When I run this model on various specific cross sections of data at a target accept of 80%, I usually get 1-2 divergences, and all of my r_hat values are 1, and I sample in about a minute. This seems good.
Then, increasing the cross sections included (expanding across the levels, for example including all ages, then all brands, then all cohorts, then all states, in no particular order), seems to work ok up to a point (I can’t say exactly what this critical mass is), and then r_hat issues start to appear, but still very few divergences. The model samples very slowly (36 hours for the full model), and the r_hat values become very, very poor with 90% of the variables estimated showing r_hat > 1.01.

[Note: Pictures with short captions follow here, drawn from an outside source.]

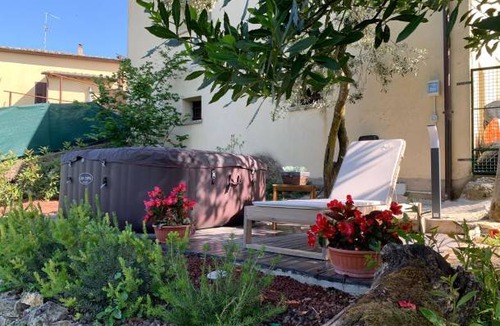 Lugnano in Teverina Apartment | Apartment ∙ 2 bedrooms ∙ 4 guests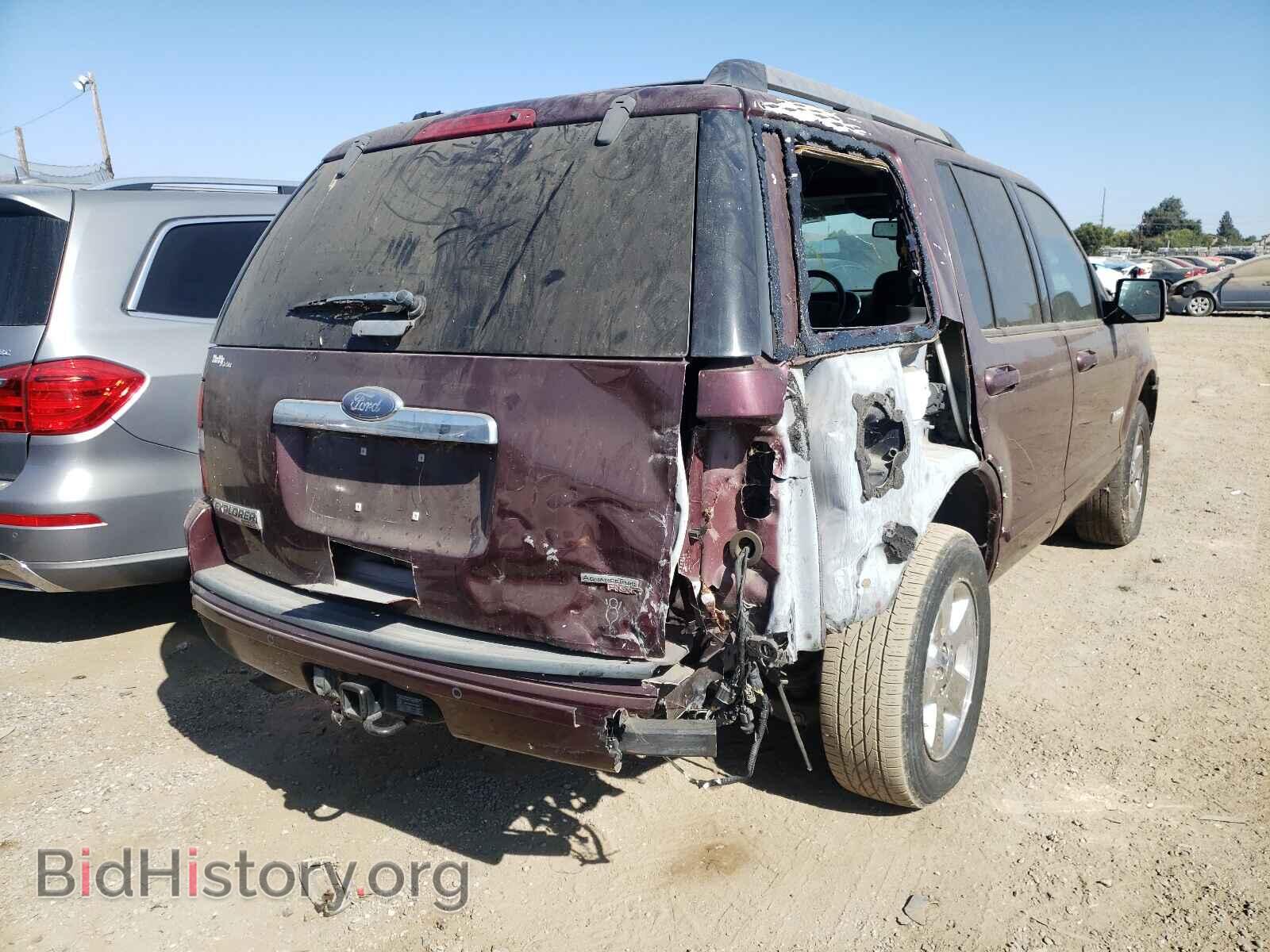 2006 FORD EXPLORER - VIN: 1FMEU75856UA33977 - Фото 4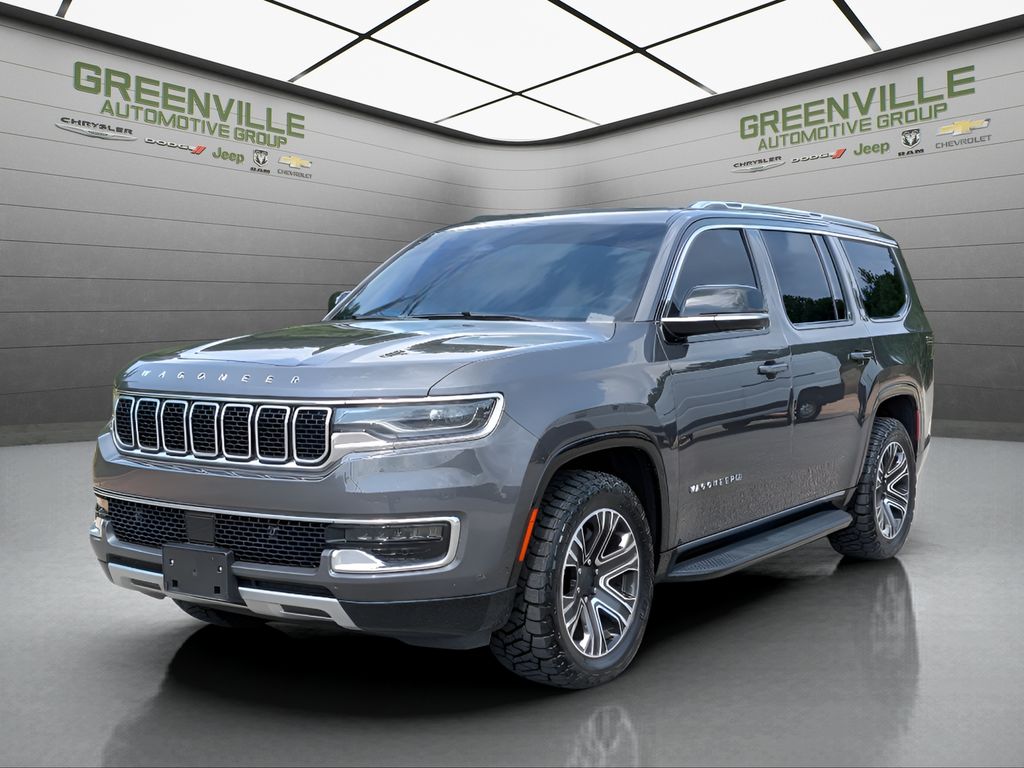 2024 Jeep Wagoneer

So my thinking here was that the sampler must be exploring redundant regions that are not close to reality before getting to where it needs to go, and that is why it isn’t confident in the estimates. To check this, I run pm.sample_prior_predictive
on a specific cross section, and lo and behold I get a plot that looks like this:
Clearly the prior predictions lay above the target value. I think this must be because of the positivity constraints I have on my variables and the priors on those being too large? Interestingly, the prior predictive samples actually match the data pretty well if I scaled the target variable up. Despite this, as I said before, when I run the model on this specific cross section, I get no divergences and good r_hats, and I am happy with the predictions for a first pass.

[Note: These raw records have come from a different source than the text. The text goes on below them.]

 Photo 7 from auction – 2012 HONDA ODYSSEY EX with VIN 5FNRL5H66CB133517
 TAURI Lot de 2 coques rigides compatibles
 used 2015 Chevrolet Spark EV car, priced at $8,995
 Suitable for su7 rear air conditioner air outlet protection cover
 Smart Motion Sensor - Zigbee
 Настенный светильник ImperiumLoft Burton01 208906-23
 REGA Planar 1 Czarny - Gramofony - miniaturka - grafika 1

So I try to tune the priors down a bit, so they can begin at a more reasonable area, and I do this by reducing the sigma values for the half normal distributions in the model to 0.01 (I admit this is quite lazy). I get to a point which seems to cover the target value quite well:
But then actually sampling even the single cross section model produces r_hat issues (3% of variables have r_hat >1.01). Expanding across a hierarchy (state for example) produces poorer r_hat values than the wider priors.

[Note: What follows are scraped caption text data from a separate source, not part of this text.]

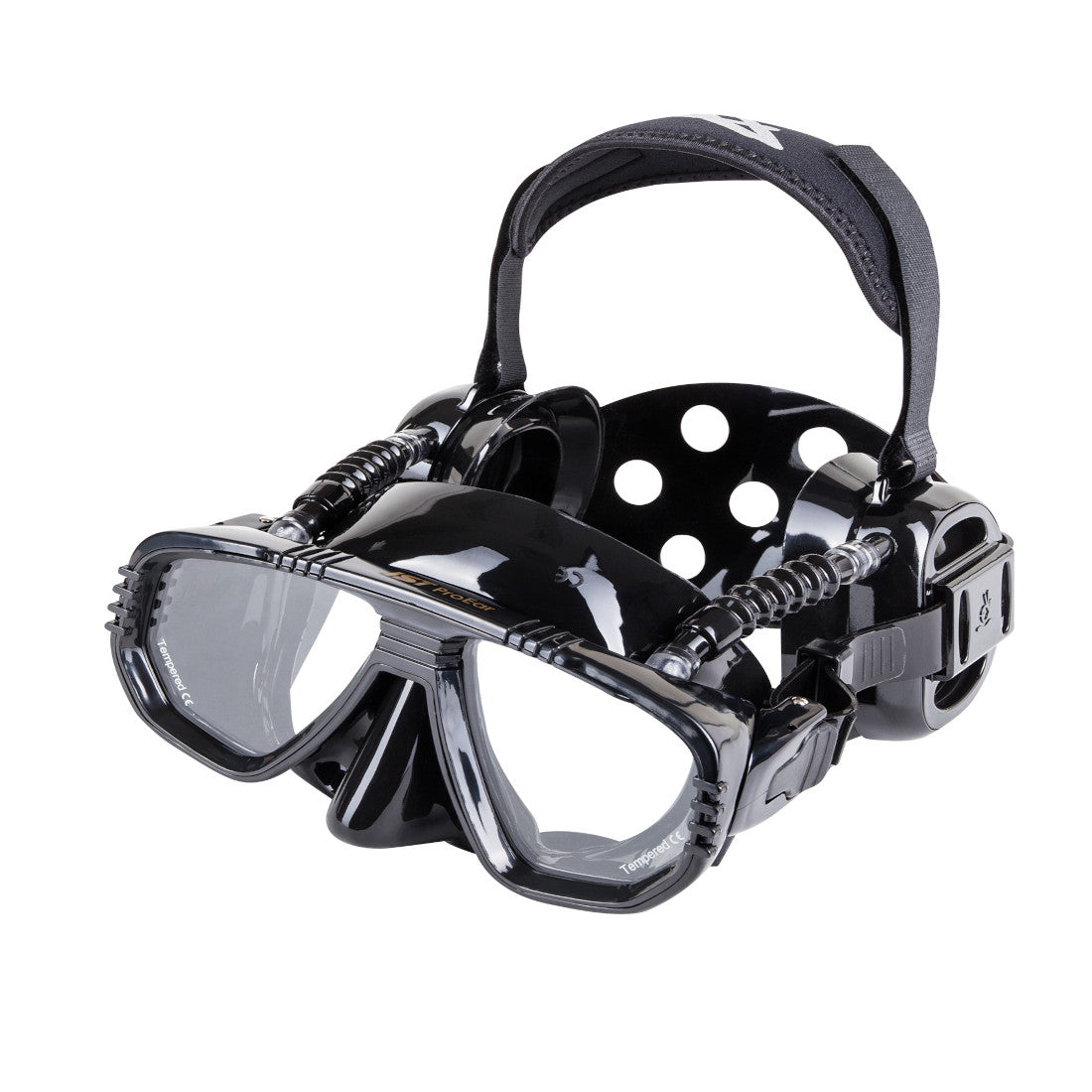 Pro Scuba Diving Mask for all around Protection - Optional – House of Scuba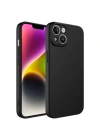 Apple iPhone 14 Kılıf Zore Kamera Korumalı Mara Lansman Kapak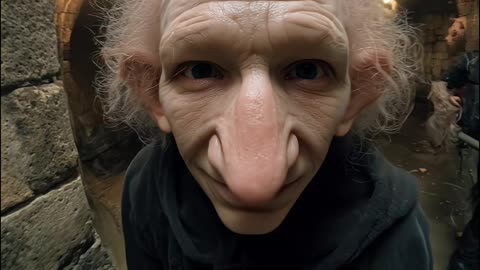 😨👹 Creepy Baby Goblin Caught on Camera! | TheHauntingHour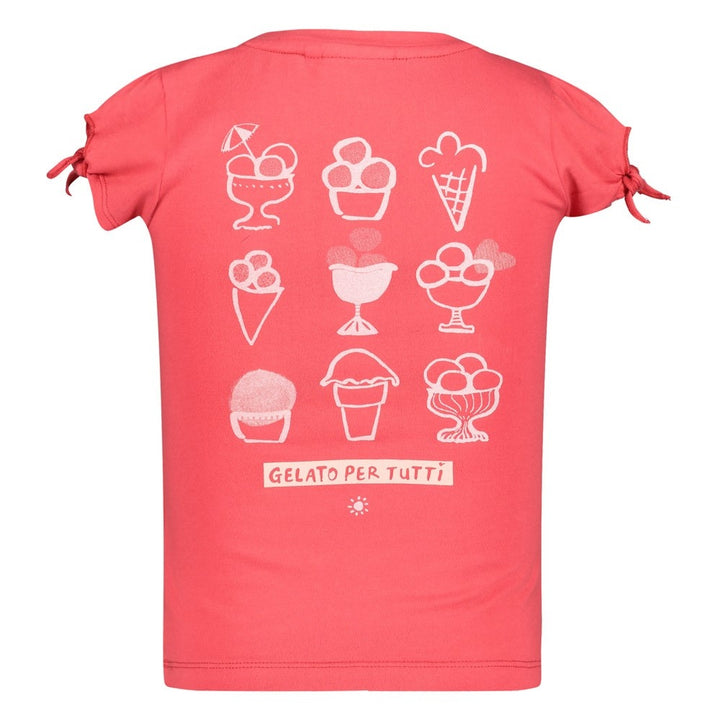 T - shirt Rood - Ciao Bella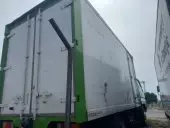 car Left Back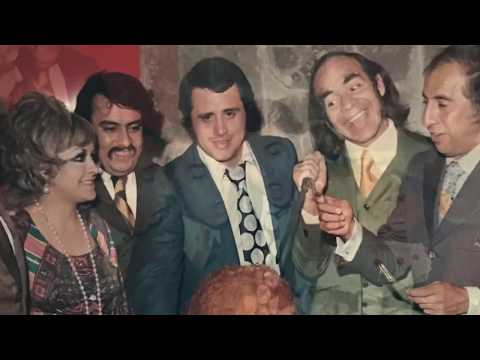 The Anecdotes of Alejandro Suárez - Crazy Salad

(I am unable to run pm.sample_prior_predictive
on the full model without getting an error of ValueError: conflicting sizes for dimension 'state': length 1 on the data but length 7 on coordinate 'state'
, which seems to be similar to the issue faced in this post, but that isn’t the point of my question.)
So I would like to know:
- Is this behaviour expected?
- What should I try next? (Scaling the y data up doesn’t seem to help)
- Are there some gaps in my understanding about the r_hat reasons?
- Are there any suggestions for speeding up the sampler?
Thank you for reading all of that. I would be super grateful for any pointers.